Bill Golditch of UCLA admits that "a lot of the trip was like traveling in a bubble," a far cry from the experience of soldiers with whom he chatted. From them he learned the basic fact of Israeli life: "You really don't know what's going to happen from day to day." That doesn't stop Golditch from wanting to return. He's convinced that having visited Israel once, he knows enough not to be afraid.
Shaw, a USC senior, was able to take part in the Birthright trip because someone else had opted to stay home. Originally on the waiting list, Shaw had planned to use his winter break studying Spanish in Costa Rica. But when a slot opened, he didn't hesitate to come aboard. As he puts it, "I think Jewish solidarity is a major thing right now. Not only was I not nervous -- I was proud to go."
Sarah Talei, a USC junior, made the opposite choice.
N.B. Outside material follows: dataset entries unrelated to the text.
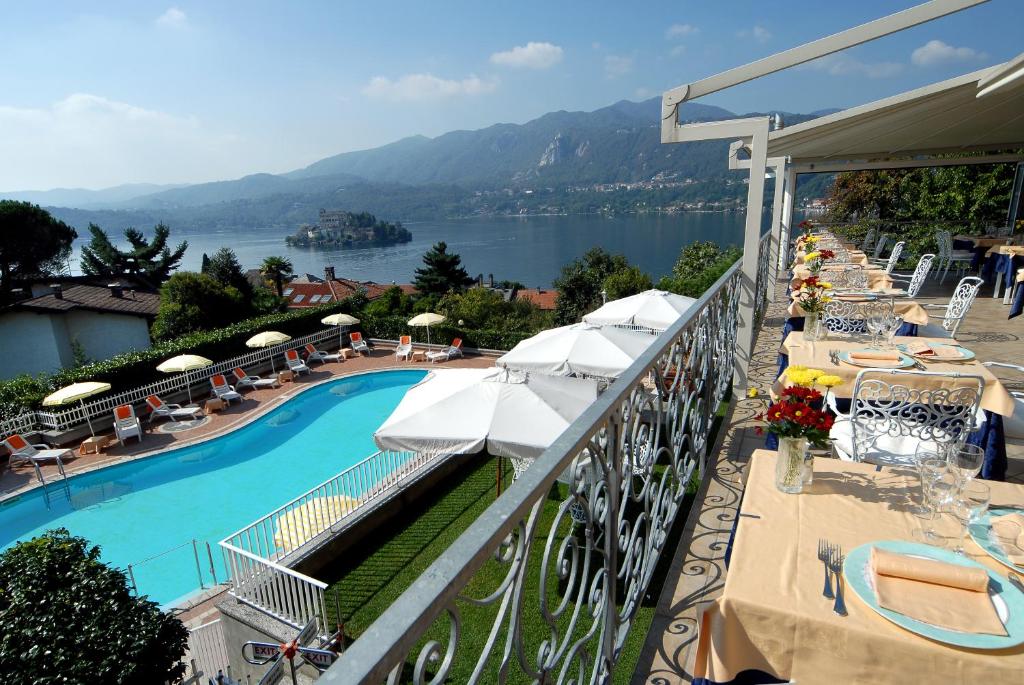 a balcony with a pool and a view of the water at Hotel La Bussola in Orta San Giulio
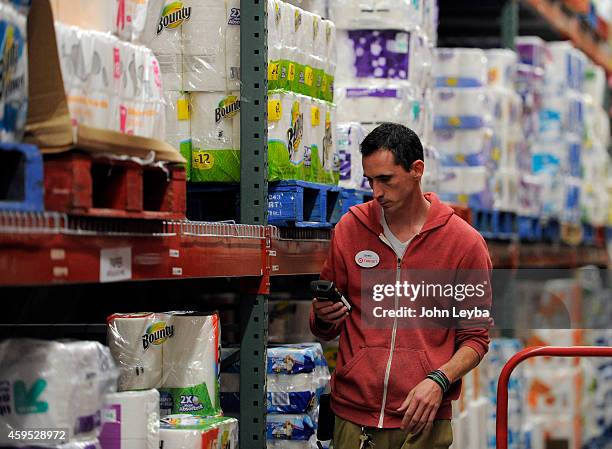 Team Leader Jimmy Willis pulls merchandise fro the back to stock the shelves November 24, 2014 at the Glendale Target. The Glendale Target store...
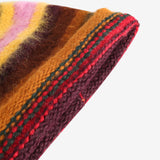 Close up of brown hats, showing texture of the fabric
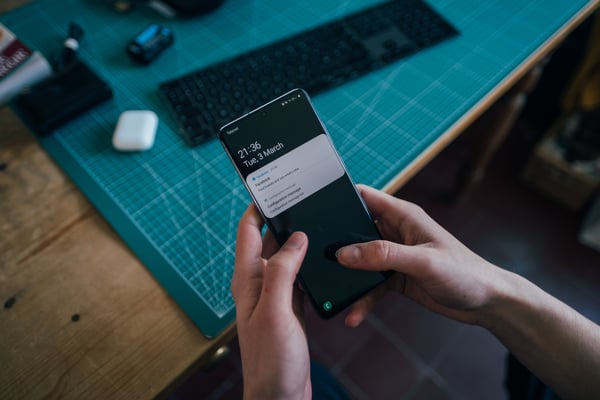 Person holding smartphone with notifications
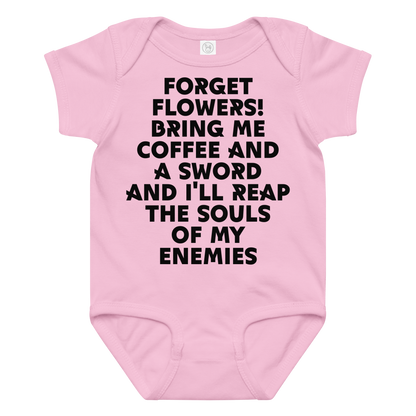 "Forget Flowers! Bring Me Coffee And A Sword And I'll Reap The Souls Of My Enemies" printed on a pink baby jersey bodysuit laying on a flat surface amongst other clothes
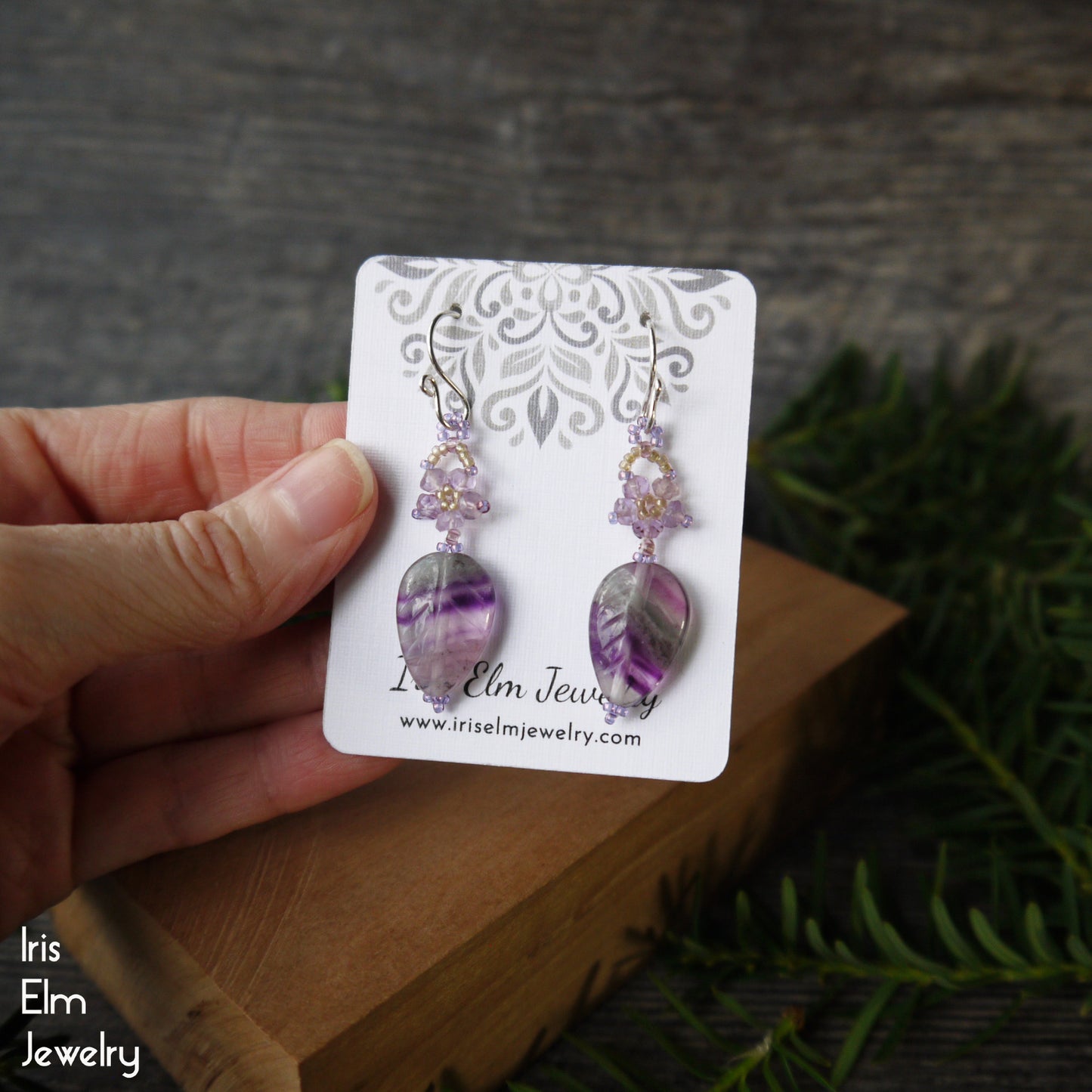 rainbow fluorite and amethyst floral leaf Earrings on a 'Iris Elm Jewelry' card held by a hand with a natural background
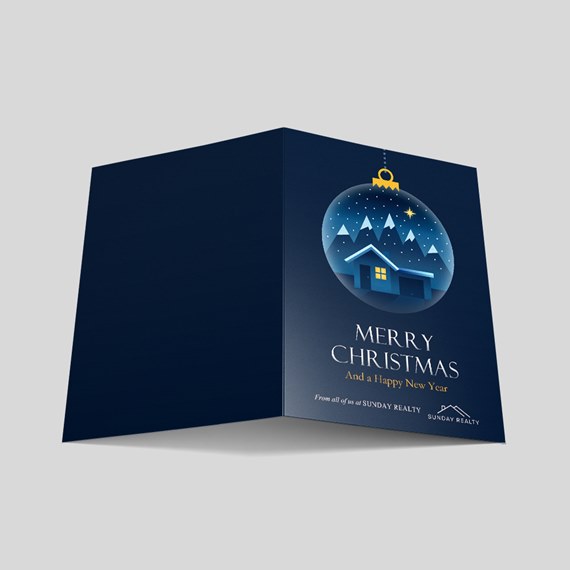 Folded navy blue Christmas card with hanging ornament illustration of a snowy house and mountains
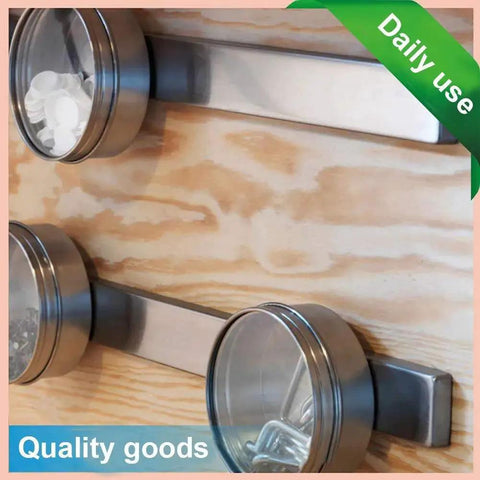 16-pack neodymium magnets with double-sided adhesive; silver metal discs mounted on wood surface (angled view)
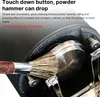 Close-up of a coffee tamper with a brush cleaning it. Produktbild-Vorschau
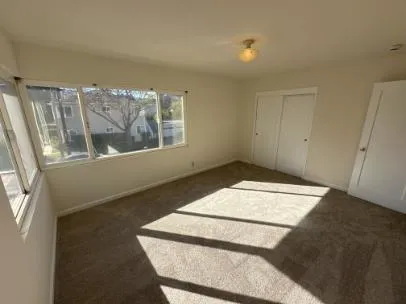 a view of a bedroom with wooden floor and windows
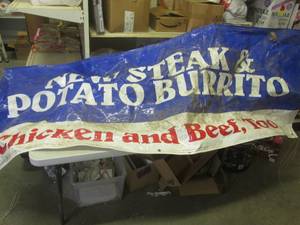 lot 177 image: (F-2) Taco Johns New Steak & Potato Burrito Banner Sign Approx 8ft x 3ft - Dirty  Needs Cleaning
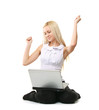 © lenets_tan - A young woman sitting on the floor with a laptop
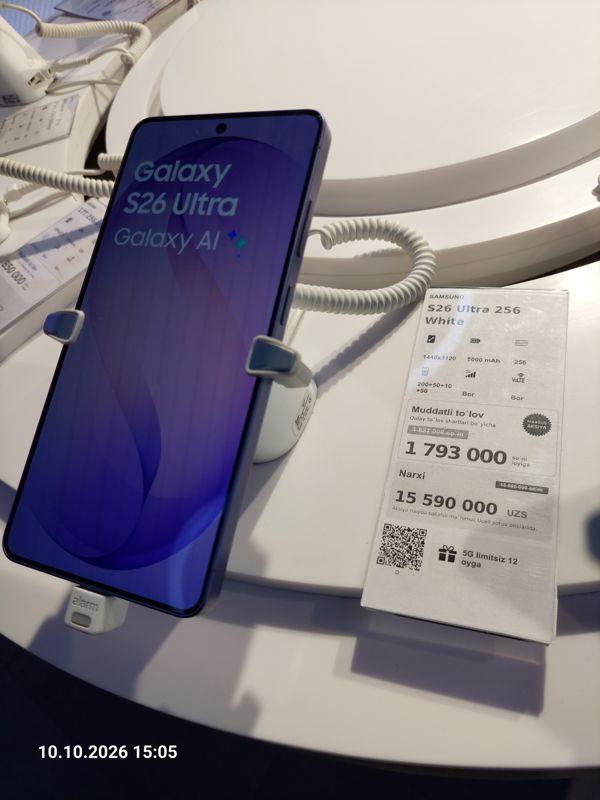 Смартфон Samsung Galaxy S26 Ultra в держателе с сигнализацией на витрине Ucell, рядом ценник-карточка: SAMSUNG S26 Ultra 256 White, плашка «Maxsus aksiya», 15 590 000 сум, перечёркнутая прежняя цена 15 890 000
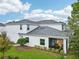 White two story home with gray roof and screened lanai at 2920 Oak Park Way # Apt A, Orlando, FL 32822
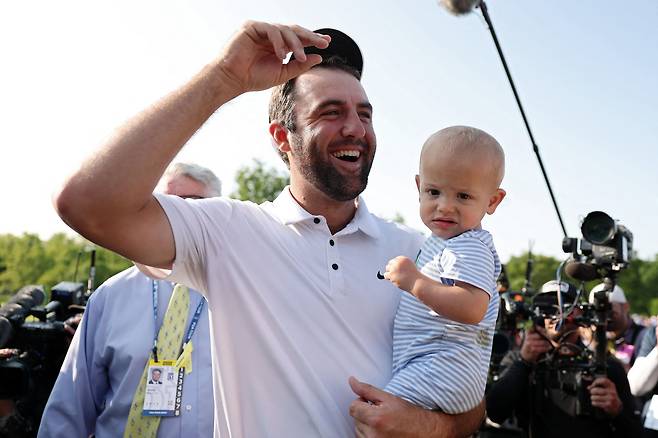 PGA투어 메모리얼 토너먼트 2연패를 차지한 스코티 셰플러가 아들 베넷을 안고 팬들의 축하에 답하고 있다. /AFP 연합뉴스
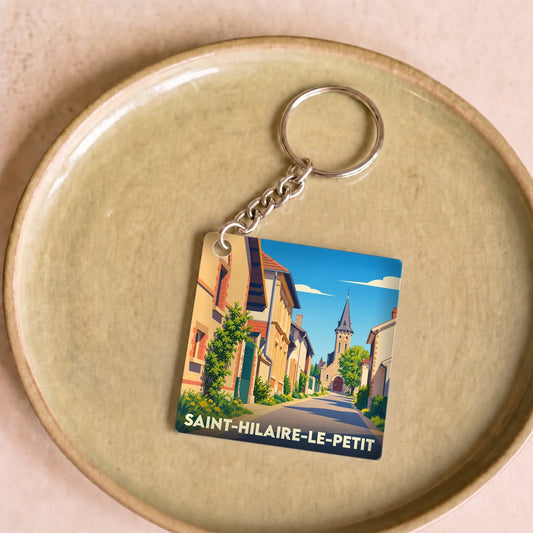 Porte-clés souvenir de la ville de Saint-Hilaire-le-Petit avec une illustration stylisée.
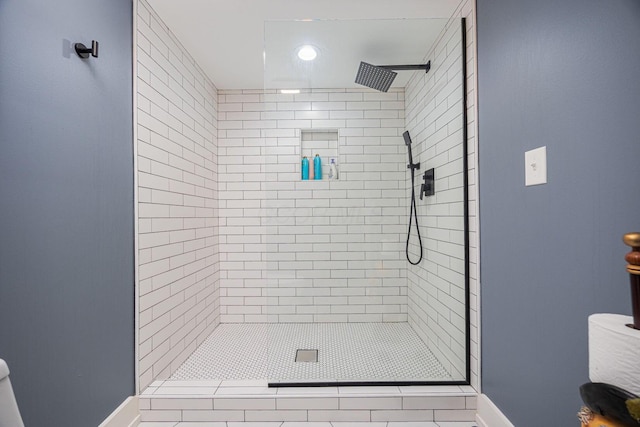 bathroom featuring a shower stall and baseboards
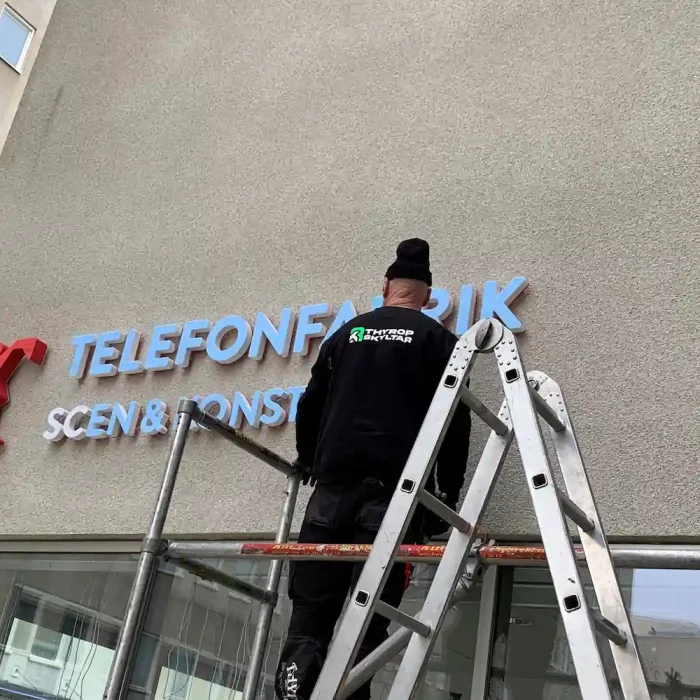 Skyltmontage Stockholm - En arbetare installerar en fasadskylt med texten "TELEFONFABRIKEN" på en byggnad i Stockholm.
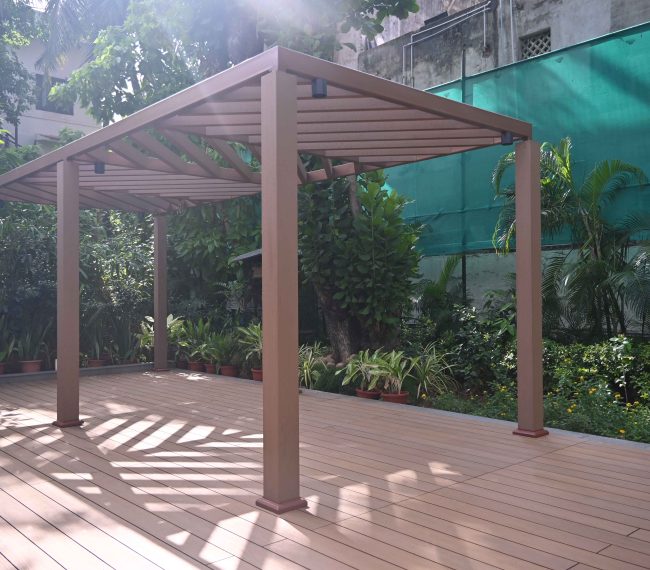 Pergola and deck made with Everwood WPC materials in a garden setting.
She pulled out of the trip a mere week before her schoolmates departed. Her decision was based on her parents' anxieties. They consulted an uncle based in Israel, who advised her to wait until the current cycle of violence had run its course.
Talei muses, "I hope I gained some points [with my parents] by not going." Still, she can't help having regrets: "The majority of people around me told me not to go. But my gut feeling was that nothing would really happen."
The Birthright returnees agree that despite the tension in the air, their trip was a superlative experience. In Golditch's own words, "It gives a whole new dimension to Jewish identity."